ウィリアム・アダムス やヤン・ヨーステン を乗せてきたリーフデ号には
大砲などの武器が積載されていて、これを接収した徳川家康は早速に
関ヶ原の戦いで大砲を利用した…てなことは前に触れましたですが、
幕末の日本で造られた大砲がフランスはパリ
のアンヴァリッド(廃兵院)に保存されているという、
逆の伝わり方といいますか、そんなこともあるそうなのでありますよ。
両親のところへ顔を出しに行こうとした折、
懐かしさも少々あってひとつ前の東陽町という駅で下車、
そこからかつては都電の専用軌道だったところにできた遊歩道を歩いて行ってみるか、
久しぶりに…と思ったわけです。
で、その遊歩道の道すがら、これまでにも何度となく通り過ぎてはいるものの、
この時に限って「何、これ?」というものに出くわしたのですね。
右側手前に見えるもの、ベンチにしては座りにくそうですので、
公園にはよくある健康増進のための器具かとも思ったですが、
近づいてみれば大砲のレプリカであるという。
で、これの本物がアンヴァリッドに保存されているということでありました。
しかしまあ、何故こんなところに?と思うわけでありますが、
解説にあたってみると事情はこのようなことにもなろうかと。
昔の地図である「江戸切絵図」によれば、
この辺り(東京都江東区南砂2-3付近)は長州藩主松平大膳大夫の屋敷であったそうな。
「長州と言えば、毛利なんでないの?」と思うのはどうやら素人の浅はかさであったようで、
大藩には松平姓の名乗りを許されていたところもあるようなのでありますよ。
ま、結局のところは毛利家の江戸屋敷があったわけですね。
もっとも、場所柄からして屋敷と言っても抱屋敷というものでしょうかね。
以前、明治大学博物館
で7~8万石クラスの大名である内藤家に関する展示を見た折、
その内藤家の上屋敷は虎ノ門、下屋敷が六本木で渋谷に抱屋敷を持っていたとありました。
幕府から拝領する屋敷だけでは手狭であるため、郊外に自前で調達したのが抱き屋敷。
大藩なれば当然に持っていたことでしょう。
時に嘉永六年と言いますから、1853年、まさに黒船対策でありますね。
「長州藩では…三浦半島の砲台三浦半島に備えつける大砲を鋳造するため、
鋳砲家を江戸へ呼び寄せました」と解説板にはあって、
あたかも長州藩の判断で大砲鋳造を始めたかのようですけれど、
おそらくは幕命なのでありましょう。
で、佐久間象山の指導を得て、この屋敷内で大砲造りを始めた…ということで、
大砲モニュメントがここに置かれている理由は判明いたしました。
ですが、その大砲がパリにあるのは何故?ということに関して引き続き。
言うまでもなく長州藩は尊王攘夷の急先鋒でしたけれど、
せっかく造った大砲を三浦半島に置いておくだけではもったいないと思ったか、
この大砲を下関に持っていってしまうのですね(幕府の許可はあったのでしょうか…)。
幕府の側は「もはや開国」と舵を切りますが、
承服できない長州藩は外国船に対して関門海峡を封鎖、
通過しようとする船に砲撃を浴びせかけるのですね。
これに対して「黙ってはおれん」と英米仏蘭の四国艦隊が下関を砲撃、
上陸した上で砲台を陥落させてしまう。
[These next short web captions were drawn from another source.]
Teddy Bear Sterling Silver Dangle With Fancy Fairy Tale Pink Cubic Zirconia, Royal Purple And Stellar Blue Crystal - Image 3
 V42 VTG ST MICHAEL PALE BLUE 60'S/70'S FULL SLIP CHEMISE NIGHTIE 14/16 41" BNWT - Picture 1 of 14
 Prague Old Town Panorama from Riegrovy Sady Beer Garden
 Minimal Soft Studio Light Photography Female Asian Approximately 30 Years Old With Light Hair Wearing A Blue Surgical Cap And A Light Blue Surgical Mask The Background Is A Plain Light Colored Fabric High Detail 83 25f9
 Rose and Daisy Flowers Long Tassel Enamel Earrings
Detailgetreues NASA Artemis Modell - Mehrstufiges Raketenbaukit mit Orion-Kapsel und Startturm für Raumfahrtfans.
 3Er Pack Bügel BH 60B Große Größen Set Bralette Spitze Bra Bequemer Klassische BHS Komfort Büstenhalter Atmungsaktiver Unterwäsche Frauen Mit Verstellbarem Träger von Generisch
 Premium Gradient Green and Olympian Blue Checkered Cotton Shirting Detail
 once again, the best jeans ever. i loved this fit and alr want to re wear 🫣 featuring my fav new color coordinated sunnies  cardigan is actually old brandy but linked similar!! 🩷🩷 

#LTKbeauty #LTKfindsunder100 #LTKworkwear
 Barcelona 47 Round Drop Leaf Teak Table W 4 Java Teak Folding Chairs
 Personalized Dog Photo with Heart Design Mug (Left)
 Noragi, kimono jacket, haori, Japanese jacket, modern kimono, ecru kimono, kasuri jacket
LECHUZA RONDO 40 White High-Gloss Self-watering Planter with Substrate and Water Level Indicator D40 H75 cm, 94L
元治元年(1864年)のことであります。
この時に陥落させられた砲台に据え付けてあった大砲がフランス軍船により波濤万里、
海を越えて最終的にはパリのアンヴァリッドに収まった…のだそうで。
大砲には毛利家の紋章が付いていることから、それと確認できるようです。
ずいぶんと乱暴なことをしたものだ…と思ったりするところですけれど、
ふと考えてみると、この長州藩が大きく関わって倒幕が進み、
明治政府では長州の人材が数多の活躍をするわけでありますね。
(事ごとの評価にはいろいろあるものと思いますが)
でもって明治政府というと、
列強に追いつき追い越せの中では積極的に洋化政策が進められ、
鹿鳴館外交を展開し…となるわけですが、
「尊王攘夷の急先鋒」からの転換は難しくなかったんですかね。
中には洋行によって一気に目からウロコが落ちた…てなケースもありましょうけれど、
そう簡単に行き渡ろうはずもなく。
幕末「にも」疎い者としては、そんなことも気になったりするわけですが、
ま、この辺りのことは後に探究の機を探ることにいたしましょう。